The convergence step is the load-bearing one. From running this by hand, my rough estimate is that about 60% of debates converge — all seats arrive at the same answer by the third pass, with the disagreement having been a missing context cue rather than a real tradeoff. The other 40% do not converge, and the synthesis preserves the disagreement instead of papering over it. The non-convergence is informative; it is the system's way of saying "this is a real tradeoff your context will determine." I will know if those numbers hold once I have run the formal version for a quarter. Today they are guesses with calibration.

What Fowler, Beck, and Uncle Bob actually disagree about

The hardest test I can put this design through is to run the Council on the question of whether the Council is worth building.

The question I ran in my head before writing this post: "Is the Council pattern a useful primitive for AI agents, or is it ceremony that delays a single sharp answer?"

Three voices I have channelled most across this blog series.
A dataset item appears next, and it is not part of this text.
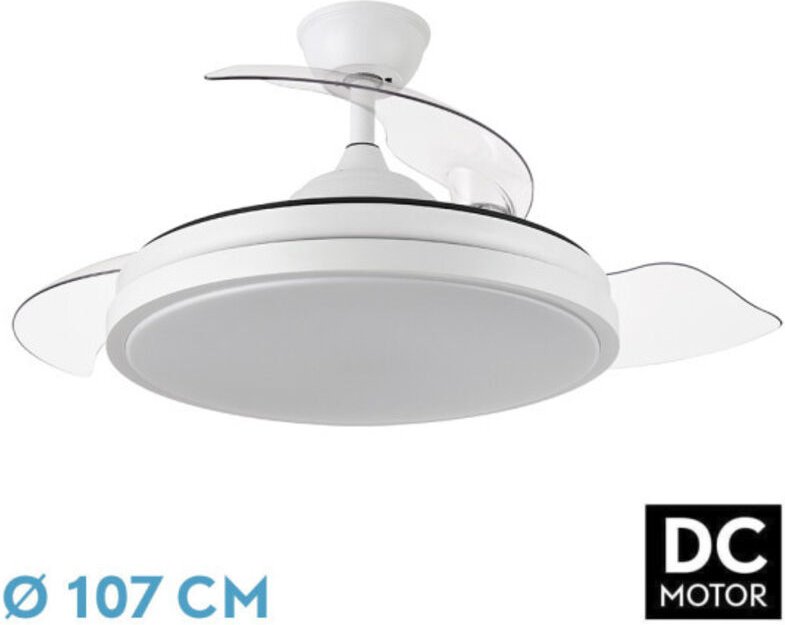 ABRILA TODOLAMPARA Deckenventilator mitLicht LED Gleichstrommotor ESCORPION Weiß Einziehbare Flügel 107D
None of them are agents yet. The dialogue below is what I imagine each would say if I asked them at a dinner table.

I am aware that I am the one writing all three voices. The performance is honest about its limits. The point of running the formal version against real models is that the simulation in my head is biased toward convergence — I tend to imagine the specialists agreeing because I am the one constructing the position. The real version will produce more disagreement, more frequently, on cases I currently flatten. That is a feature, not a bug.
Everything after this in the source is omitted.